Photo courtesy of Limpopo Valley Horse Safaris here

Safari

 

David Whitley goes giraffe and rhino-spotting from atop an elephant

 

Ahead of us, Michael plunges into the trees. His three startled riders try and dodge the thorns as he manages to uproot an entire acacia bush. “Takeaway food,” says Elias in front of me. “Michael always gets his takeaway food.” Michael, oblivious to the havoc he’s causing, wraps his trunk around the light snack and marches onwards. It is one thing to see an elephant on safari in Africa – but it’s altogether something different to hop on top of one and lumber through the sunburnt countryside. Suddenly the wildebeest and  antelopes look a little puny from up on high.

 

Of the six elephants in our herd, Michael is also the one who likes to threaten the rhinos. But on the flip side, he does a cracking job of playing with and looking after Titimalo. The nine month old super-cute elephant calf isn’t even his, but Michael seems to have taken on a surrogate uncle role. Such unexpected diversions aside, it’s beaming smiles all round for the novice riders. We’re all sat in imperious positions atop the elephants as we plod through the Letsatsing Game Park, and behind every bush is another giraffe, warthog, impala or zebra.

 

The Letsatsing Game Park isn’t technically part of the Pilanesberg Game Reserve that most people come to this part of the world for. It is privately owned, and there are no big cats to spook the elephants, but the big beasts of the Pilanesberg are just over the fence.

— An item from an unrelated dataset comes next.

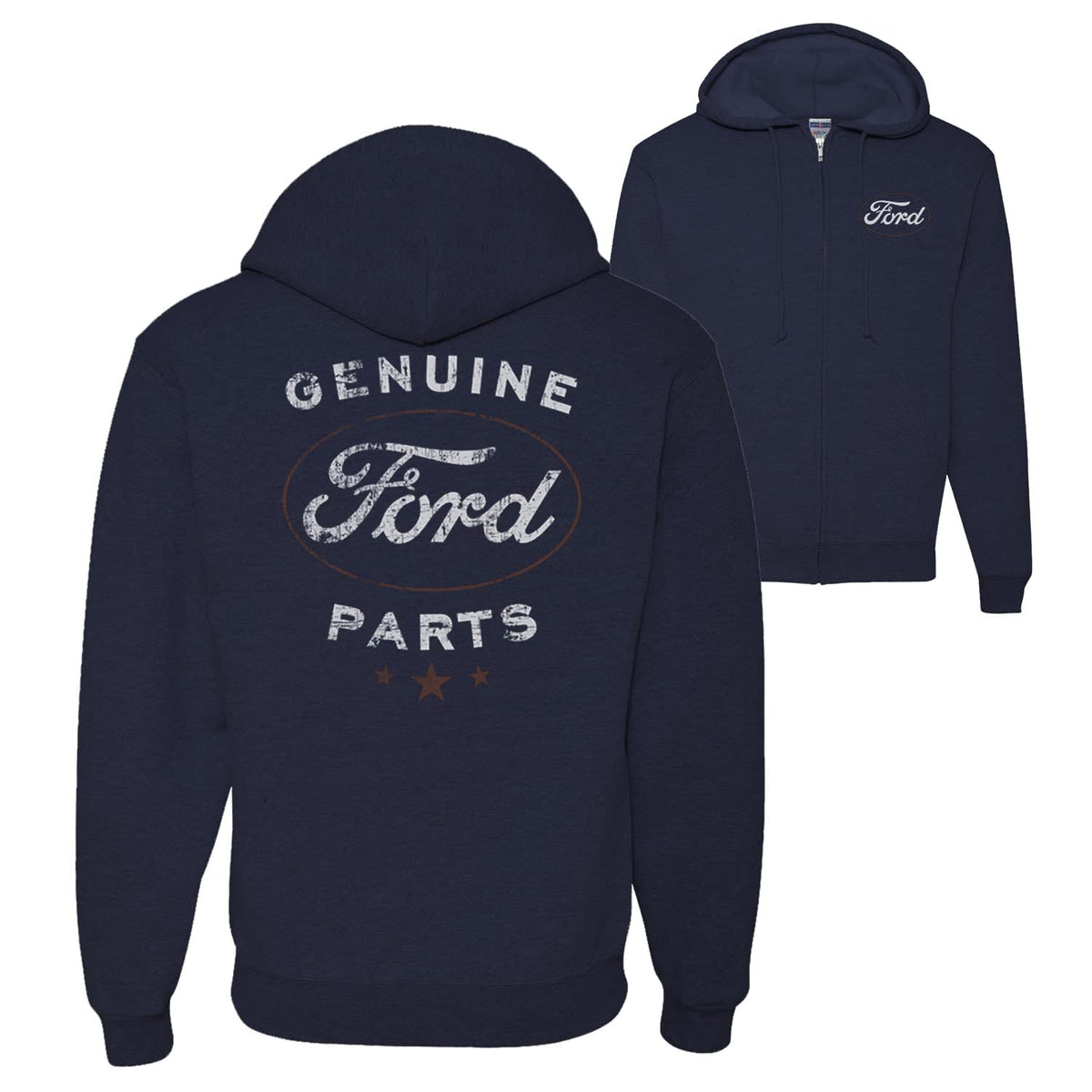Vintage Distressed Genuine Ford Parts Cars and Trucks Front and Back Zip Up Hoodie Sweatshirt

And don’t we know it when a dominant bull elephant stares out our herd from the other side of the electric fence. Elias steers us away, commanding our lumbering steed to “get over”. It means turn right, and is one of the 36 commands that the elephants learn during their two year training period.

 

Not that the one telling them to stop eating has much effect. By the end of our journey, each of the five jumbos has a satisfying haul of foliage with them. Which, given that we get to feed them afterwards, is just plain greedy. Hand feeding an elephant is a rather bizarre experience. You can do it one of two ways – risking your trembling paw by putting the food directly into their mouth, or waiting for them to turn their trunk around so you can put din-dins into that. Either way, they seem grateful, and seem to give us a wave after feeding time is over and they’re released back onto the grasslands.